My legs were wide apart after my operations. A caretaker, seeing my legs under a sheet, asked me if I could have sex. He was later fired for sexually harassing another patient.
I had six therapists in nine months. One physiotherapist told me I would never walk again, giving up on me. I tried to tell her how I felt about not walking and being dependent. She interrupted to lecture me about being lazy. I must learn to put up with the pain without taking drugs. When I asked her if she read my reports, She replied “No, I don’t have time.”
This physiotherapist made me sit with my legs dangling. "No pain, no gain," she said. As she refused to take the time to read the doctors report, she did not know that my femur had been cut to reposition my hip. Dangling my leg not only caused pain but prevented my femur from healing. I had to have another operation to put a rod in my leg: a result of her negligence.
Another physiotherapist had me try on a ready-made brace. “No” she said. “they don’t fit. Nothing can be done about your feet. When I escaped my incarceration, I was able to get custom-made orthotics. These enabled me to stand and practice walking with a walker.
By the end of June, the only therapy I was getting was from an assistant therapist. I had to beg her to help me stand once a day. Her job was to bend down and hold my foot flat on the floor. Since she had arthritis in her knees, she couldn’t bend down and could only half straighten my foot with her foot. Was the hospital staff saying I couldn’t walk again as an excuse not to incur the expense of giving me the long-term therapy I needed?
I know I was not the only one neglected by institutions/nursing home. Recently, I visited a friend who has spent two years living in a palliative care hospital. She was on a respirator. She could not speak above a low whisper and although she had a voice box, it was rarely given to her. When I asked a friend of hers about this, the friend said they probably didn’t give her the voice box because she would be constantly calling the nurses for painkillers. Why isn’t her pain kept under control?

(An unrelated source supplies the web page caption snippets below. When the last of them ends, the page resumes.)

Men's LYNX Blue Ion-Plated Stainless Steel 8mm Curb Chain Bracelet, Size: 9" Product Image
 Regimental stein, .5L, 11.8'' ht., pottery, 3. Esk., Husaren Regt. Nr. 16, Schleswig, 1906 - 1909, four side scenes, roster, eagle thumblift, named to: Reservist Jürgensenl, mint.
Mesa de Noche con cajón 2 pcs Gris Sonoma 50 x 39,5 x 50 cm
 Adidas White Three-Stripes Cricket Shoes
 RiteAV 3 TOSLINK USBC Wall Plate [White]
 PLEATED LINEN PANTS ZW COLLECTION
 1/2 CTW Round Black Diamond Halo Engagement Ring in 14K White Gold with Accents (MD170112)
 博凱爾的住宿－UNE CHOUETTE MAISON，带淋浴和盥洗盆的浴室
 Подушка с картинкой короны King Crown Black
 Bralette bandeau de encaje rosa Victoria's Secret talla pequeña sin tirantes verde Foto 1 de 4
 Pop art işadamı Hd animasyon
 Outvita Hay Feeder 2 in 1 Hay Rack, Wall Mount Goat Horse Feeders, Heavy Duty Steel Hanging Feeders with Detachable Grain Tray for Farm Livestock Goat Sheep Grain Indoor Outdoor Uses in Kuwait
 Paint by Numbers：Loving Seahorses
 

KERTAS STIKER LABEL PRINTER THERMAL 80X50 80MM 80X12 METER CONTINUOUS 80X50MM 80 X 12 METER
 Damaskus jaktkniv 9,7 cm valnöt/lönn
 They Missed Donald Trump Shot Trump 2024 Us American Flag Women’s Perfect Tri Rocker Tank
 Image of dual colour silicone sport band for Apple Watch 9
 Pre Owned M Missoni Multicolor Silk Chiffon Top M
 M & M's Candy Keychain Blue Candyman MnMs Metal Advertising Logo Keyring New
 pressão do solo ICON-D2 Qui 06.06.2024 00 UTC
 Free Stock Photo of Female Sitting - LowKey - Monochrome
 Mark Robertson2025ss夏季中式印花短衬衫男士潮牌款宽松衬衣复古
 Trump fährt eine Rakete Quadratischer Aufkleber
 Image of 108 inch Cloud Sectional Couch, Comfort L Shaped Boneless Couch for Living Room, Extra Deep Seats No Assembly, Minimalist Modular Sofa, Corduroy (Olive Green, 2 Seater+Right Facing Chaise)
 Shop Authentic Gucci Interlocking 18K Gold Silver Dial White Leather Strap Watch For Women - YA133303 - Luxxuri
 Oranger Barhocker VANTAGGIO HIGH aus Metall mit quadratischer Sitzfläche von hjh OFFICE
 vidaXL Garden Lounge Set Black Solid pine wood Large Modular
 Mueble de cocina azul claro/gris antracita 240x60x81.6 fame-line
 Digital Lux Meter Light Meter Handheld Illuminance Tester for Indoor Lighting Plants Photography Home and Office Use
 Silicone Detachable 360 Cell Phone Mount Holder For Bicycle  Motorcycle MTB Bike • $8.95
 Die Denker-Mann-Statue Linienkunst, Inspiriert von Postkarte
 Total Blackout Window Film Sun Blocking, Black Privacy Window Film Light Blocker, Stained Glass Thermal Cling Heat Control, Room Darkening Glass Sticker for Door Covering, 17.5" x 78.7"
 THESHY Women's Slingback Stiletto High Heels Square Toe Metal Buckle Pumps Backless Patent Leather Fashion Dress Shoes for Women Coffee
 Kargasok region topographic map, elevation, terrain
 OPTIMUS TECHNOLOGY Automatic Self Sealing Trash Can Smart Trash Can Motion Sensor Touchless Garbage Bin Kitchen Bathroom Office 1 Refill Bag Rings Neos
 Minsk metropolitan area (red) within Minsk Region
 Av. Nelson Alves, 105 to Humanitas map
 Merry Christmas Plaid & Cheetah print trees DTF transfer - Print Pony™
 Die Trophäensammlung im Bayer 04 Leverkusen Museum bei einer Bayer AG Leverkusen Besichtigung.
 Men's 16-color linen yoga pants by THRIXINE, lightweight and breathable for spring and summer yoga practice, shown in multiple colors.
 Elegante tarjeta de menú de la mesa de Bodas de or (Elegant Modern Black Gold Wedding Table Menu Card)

I was told that I would have to stay in Riverdale for seven years. It took that long to get subsidized housing. Fortunately, I already had subsidized housing and was able to transfer to an apartment with attended care. I now live in a supportive living unit, where I have my own apartment, I can go to the washroom when I want to, and come and go when I want to. However, my life is still controlled by the policy and procedures of the agency that provides attendant care. I am looking forward to obtaining individualized funding so that I no longer have my life controlled by strangers and policies.